While there are holy figures in the Buddhist pantheon -- common ones include Green Tara, White Tara, Kuan Yin, Manjushri, and Avalokitsvara depending on the specific country and school of Buddhism -- these are not deities, but actually different manifestations of the wisdom essence of highly awakened beings on the path, called bodhisattvas. Because Buddhism has been adapted to the needs of the common person in the different countries in which it flourishes, it has become a common practice of many practitioners to call upon these enlightened beings for protection or blessing. Many Buddhists bow to statues of the Buddha, but this is an act of gratitude and homage more than worship. These idols and images are also used by more advanced meditation practitioners, particularly in Tibetan Buddhism, to aid in their meditation practices. The practice of prayer, or worship of deities or the Buddha himself, is not supported by the essential Buddhist religious texts or doctrines.
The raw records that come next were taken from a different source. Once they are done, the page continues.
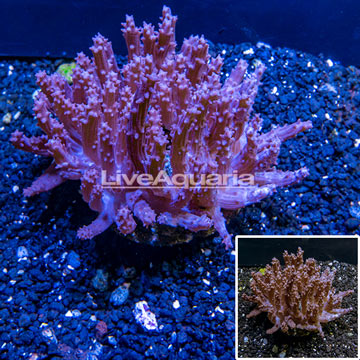 Tree Coral Indonesia
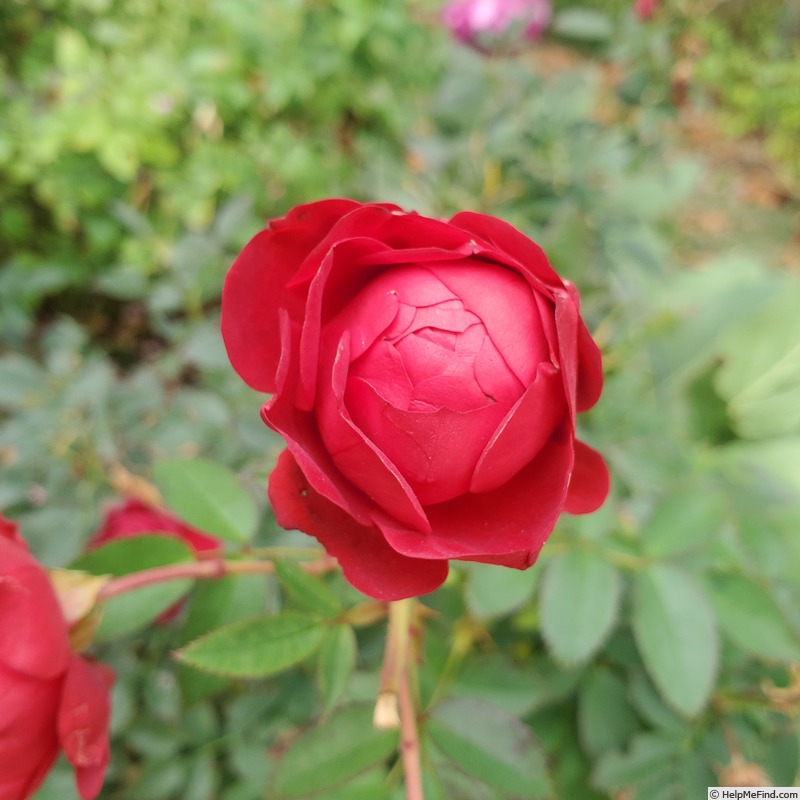 'True Love (mini-flora, Lim, 2013)' rose, click to enlarge 'True Love (mini-flora, Lim, 2013)' rose photo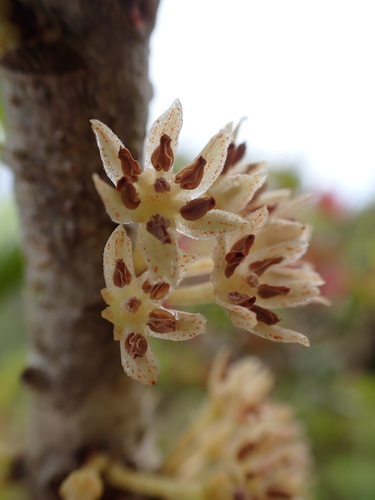 Myrsine fernseei observed 2025-03-18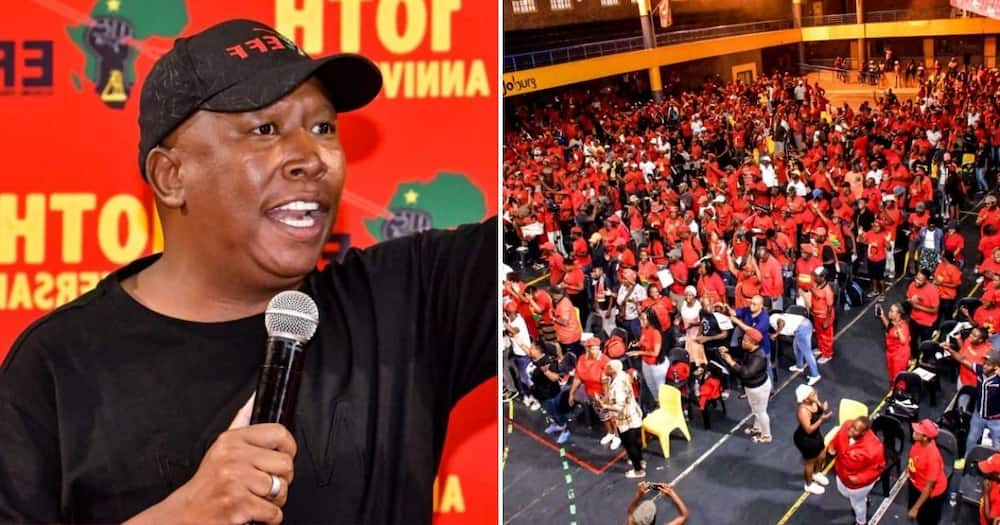 Malema said court interdict wont stop EFF from protesting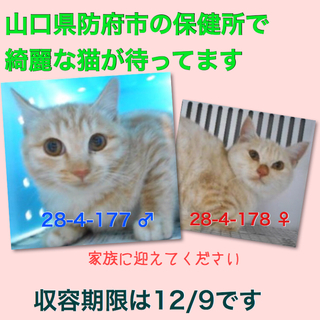 綺麗なにゃんこです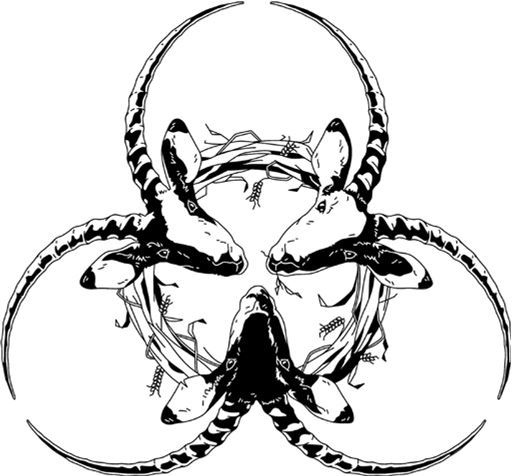 Иллюстрация к книге — Апофения [i_012.jpg]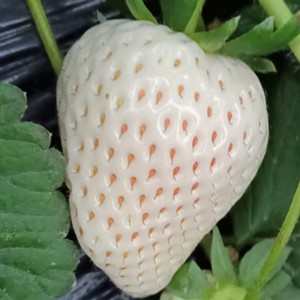 White Strawberry Seeds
Importance of Direct Realization
The Buddha taught the importance of each person directly experiencing the value of his teachings. Faith or belief has little place in Buddhism. One must test all ideas and knowledge for oneself to know if it is true. Each human being is born with potential “Buddha consciousness,” which can be used to become enlightened and to help end suffering for all beings. The core teachings of Buddhism are about developing compassion, loving-kindness, and liberation from states of consciousness that make human beings feel smaller and more limited than they really are. The only way to develop Buddha consciousness, which is true freedom, is through meditation and direct inquiry into the nature of consciousness itself.
The Buddha as a Teacher
The Buddha, Siddhartha Gautama, was born into a royal family in what is now Nepal more than 2500 years ago. As a young man he lived a sheltered life of privilege and luxury until the day he left the royal enclosure and encountered the realities of sickness, old age and death among the common people. He was deeply affected by the realization that suffering was inherent in life, and he determined to find a way to end suffering and attain Truth (Dhamma). After many trials and years of solitary meditation, he attained enlightenment (nirvana) seated beneath the Bodhi tree. The name Buddha means “Awakened One.”
Sects of Buddhism
The two main sects of Buddhism are Theravada and Mahayana. Theravada Buddhism is most common in Sri Lanka Cambodia, Thailand and Burma (Myanmar). Mahayana is most common in Tibet, China, Taiwan, Japan, and Korea.